I so very much appreciate the informative and interesting replies on this subject. I especially appreciate the fact that one had to only change firebox grates to convert from one fuel to the other.
If I am correct, the Wooten fire box was chosen to test because its vast grate area could conceivably allow enough heat to be generated with a very low grade coal/fuel that -in turn- required a very thin fire to efficiently burn?. Anthracite is a very high grade of fuel (high BTUs), but….it is extremely hard to burn except in a thin layer (I hand-burned seven tons of pea anthracite/winter for seven years, and have a great respect for its qualities). So, from this I might further surmise that even if the slack coal could and would burn enough to be effective, unlike anthracite, one probably would have to use a LOT more to get to the same place- perhaps a significant problem all of its own?
One of the very biggest problems with the Wootens was the fact that the engineer was physically so far separated from the fireman as to almost be in two separate worlds, with related operational problems that one can only speculate about. Just glancing at the speculative picture of a CB&Q Wooten, one can also just imagine what life for the fireman might have been huddling in a rudimentary tender shelter (the firing deck was the tender apron).

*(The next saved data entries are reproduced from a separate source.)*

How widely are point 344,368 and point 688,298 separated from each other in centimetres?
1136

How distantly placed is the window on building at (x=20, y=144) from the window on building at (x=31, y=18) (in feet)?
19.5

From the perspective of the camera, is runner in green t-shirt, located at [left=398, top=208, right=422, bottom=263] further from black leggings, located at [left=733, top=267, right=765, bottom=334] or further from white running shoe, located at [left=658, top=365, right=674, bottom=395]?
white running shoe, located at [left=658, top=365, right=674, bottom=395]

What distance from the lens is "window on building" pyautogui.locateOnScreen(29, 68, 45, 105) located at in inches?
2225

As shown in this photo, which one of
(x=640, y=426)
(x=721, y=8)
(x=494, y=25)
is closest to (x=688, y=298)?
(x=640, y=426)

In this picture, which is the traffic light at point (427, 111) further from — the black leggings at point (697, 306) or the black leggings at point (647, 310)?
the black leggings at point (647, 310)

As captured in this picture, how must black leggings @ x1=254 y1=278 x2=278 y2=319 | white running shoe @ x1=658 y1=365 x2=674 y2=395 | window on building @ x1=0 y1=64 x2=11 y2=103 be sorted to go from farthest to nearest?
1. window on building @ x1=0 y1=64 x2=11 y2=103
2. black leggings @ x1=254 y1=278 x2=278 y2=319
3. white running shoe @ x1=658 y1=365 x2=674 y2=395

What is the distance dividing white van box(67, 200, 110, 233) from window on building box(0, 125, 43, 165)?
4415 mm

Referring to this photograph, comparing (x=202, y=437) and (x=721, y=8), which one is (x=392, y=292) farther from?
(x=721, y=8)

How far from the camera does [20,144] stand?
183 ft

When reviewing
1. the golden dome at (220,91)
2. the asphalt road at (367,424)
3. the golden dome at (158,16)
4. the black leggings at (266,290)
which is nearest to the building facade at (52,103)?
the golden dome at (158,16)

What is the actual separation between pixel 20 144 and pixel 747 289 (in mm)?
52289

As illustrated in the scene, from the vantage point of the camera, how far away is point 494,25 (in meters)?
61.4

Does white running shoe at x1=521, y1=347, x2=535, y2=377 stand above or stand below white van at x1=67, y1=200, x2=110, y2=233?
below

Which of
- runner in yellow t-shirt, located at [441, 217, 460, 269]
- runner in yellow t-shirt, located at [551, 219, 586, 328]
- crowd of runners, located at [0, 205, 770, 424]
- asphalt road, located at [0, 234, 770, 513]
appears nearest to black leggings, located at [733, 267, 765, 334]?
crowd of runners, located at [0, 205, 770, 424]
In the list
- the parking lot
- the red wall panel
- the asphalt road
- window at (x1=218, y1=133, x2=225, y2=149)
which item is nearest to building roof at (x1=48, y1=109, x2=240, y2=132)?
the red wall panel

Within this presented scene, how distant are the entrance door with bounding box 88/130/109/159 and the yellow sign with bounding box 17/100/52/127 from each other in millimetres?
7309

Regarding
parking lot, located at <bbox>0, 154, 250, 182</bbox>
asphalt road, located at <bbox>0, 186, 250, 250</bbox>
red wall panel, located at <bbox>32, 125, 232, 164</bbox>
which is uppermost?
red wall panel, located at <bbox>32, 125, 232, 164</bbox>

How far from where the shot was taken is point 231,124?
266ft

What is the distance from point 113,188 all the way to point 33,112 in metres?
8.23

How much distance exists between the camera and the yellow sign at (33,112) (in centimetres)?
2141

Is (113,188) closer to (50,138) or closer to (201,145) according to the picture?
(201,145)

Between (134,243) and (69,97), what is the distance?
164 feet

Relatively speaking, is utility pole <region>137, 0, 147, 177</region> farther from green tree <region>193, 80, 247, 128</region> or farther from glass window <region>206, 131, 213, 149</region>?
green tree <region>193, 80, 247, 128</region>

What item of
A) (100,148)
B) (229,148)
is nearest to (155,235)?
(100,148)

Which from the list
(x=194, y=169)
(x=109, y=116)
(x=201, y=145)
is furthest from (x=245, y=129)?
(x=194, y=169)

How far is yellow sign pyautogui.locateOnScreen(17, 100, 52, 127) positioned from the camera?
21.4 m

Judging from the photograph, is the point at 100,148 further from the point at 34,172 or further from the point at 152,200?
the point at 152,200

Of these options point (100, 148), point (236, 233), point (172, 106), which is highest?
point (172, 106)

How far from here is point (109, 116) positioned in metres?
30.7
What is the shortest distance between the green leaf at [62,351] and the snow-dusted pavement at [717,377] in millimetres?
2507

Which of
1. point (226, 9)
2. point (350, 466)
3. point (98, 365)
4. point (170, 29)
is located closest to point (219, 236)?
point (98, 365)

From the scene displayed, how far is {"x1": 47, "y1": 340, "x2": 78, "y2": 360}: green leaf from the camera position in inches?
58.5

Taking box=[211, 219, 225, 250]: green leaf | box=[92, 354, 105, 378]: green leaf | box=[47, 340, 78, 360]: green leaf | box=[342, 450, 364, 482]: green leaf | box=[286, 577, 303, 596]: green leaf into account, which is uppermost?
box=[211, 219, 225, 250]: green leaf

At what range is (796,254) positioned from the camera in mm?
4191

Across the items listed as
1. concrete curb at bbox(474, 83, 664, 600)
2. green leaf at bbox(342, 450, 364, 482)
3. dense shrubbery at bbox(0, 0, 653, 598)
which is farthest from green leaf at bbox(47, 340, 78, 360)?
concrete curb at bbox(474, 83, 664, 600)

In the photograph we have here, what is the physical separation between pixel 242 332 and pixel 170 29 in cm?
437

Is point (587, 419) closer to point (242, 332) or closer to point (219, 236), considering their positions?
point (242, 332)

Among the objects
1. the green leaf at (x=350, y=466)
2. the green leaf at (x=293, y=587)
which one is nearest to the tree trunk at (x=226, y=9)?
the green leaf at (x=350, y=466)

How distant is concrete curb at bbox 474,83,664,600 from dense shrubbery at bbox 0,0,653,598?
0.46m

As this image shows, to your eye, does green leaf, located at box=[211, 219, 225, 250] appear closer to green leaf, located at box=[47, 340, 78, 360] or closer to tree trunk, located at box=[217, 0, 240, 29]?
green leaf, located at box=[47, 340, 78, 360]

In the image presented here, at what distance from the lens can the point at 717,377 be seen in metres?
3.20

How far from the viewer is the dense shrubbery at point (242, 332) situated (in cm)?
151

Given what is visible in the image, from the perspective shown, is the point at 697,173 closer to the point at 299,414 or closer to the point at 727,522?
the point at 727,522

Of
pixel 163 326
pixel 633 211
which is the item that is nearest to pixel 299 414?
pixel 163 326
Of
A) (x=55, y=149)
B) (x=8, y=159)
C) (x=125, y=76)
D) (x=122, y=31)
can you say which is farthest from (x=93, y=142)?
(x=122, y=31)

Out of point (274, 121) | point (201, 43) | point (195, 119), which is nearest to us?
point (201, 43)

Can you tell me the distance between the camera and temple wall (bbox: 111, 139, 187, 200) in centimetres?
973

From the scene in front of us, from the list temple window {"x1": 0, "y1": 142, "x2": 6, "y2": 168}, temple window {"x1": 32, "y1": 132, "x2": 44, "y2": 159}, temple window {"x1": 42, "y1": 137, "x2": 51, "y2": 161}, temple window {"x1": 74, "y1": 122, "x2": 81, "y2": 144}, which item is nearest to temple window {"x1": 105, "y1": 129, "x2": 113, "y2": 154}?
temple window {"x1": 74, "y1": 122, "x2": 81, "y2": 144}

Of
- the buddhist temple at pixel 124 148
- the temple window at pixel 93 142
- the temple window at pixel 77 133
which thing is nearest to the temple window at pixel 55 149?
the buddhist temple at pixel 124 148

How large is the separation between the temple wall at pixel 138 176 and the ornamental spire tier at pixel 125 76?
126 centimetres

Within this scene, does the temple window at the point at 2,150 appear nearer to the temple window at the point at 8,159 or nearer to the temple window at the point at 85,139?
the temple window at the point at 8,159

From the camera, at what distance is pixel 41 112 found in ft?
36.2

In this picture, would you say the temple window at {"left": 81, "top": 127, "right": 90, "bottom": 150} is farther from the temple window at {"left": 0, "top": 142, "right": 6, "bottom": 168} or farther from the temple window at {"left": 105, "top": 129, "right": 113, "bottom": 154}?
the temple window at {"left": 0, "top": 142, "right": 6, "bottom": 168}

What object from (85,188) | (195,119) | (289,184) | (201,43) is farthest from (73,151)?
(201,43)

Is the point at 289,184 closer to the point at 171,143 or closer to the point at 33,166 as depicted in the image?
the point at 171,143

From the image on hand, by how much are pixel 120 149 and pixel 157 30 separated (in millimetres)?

There is a wonderful video CD available from the New Haven Hist. Society centering on the New Haven’s Besler steam motor cars of c. 1937. It shows the the back-to-back pair exiting ex-factory from Budd’s original Philadelphia plant on a background of what seems to be a large number of DZ cars under construction. If this is not enough, filling the lens steaming across stage front between camera and subject slowly is a remarkable Reading camelback 2-8-0 whose sheer ugliness is totally interesting.
Besler: Now there is also a significant but little noted CB&Q/DRI connection, but…. another time!